Mixture of experts (MoE) and supporting techniques. MoE architectures use several small specialized language models to spread out the data analysis and training load. Different prompts or “weights” call up specialized experts that, of the total parameters available, access only a small subset, such as 37 billion out of 671 billion parameters in R1. Accessing a subset of parameters, called Sparse Neural Network Training, avoids redundant or unnecessary calculations. By contrast, GPT-4 appears as a “dense” neural network with access to 1.8 trillion parameters for every operation.16 The MoE concept is not new but has been difficult to scale.22 The French startup Mistral AI did release in December 2023 the “open-weight” MoE LLM 8x7B, with eight experts (two operational at any given time), each accessing a total of 166 billion parameters and resembling a “scaled-down GPT-4.” Apparently, it was innovative and efficient but did not garner the same attention as the efficient and low-cost DeepSeek V3/R1.13
DeepSeek relied on specific techniques to minimize compute resources needed to share data across the smaller experts.
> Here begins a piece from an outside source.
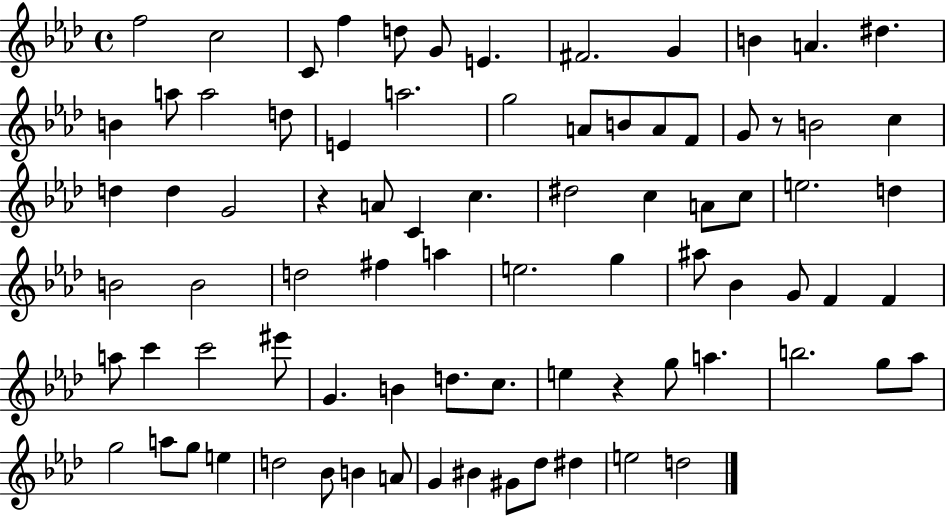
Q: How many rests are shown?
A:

It used parallelization to coordinate the computational tasks running on different clusters of networked computers (GPUs). It used quantization to improve computational efficiency by limiting the precision of calculations (decimal points) to the lowest level necessary for a specific computation.22 Examples would be converting 32-bit floating-point numbers to 16-bit, 8-bit, or even integer (whole-number) formats.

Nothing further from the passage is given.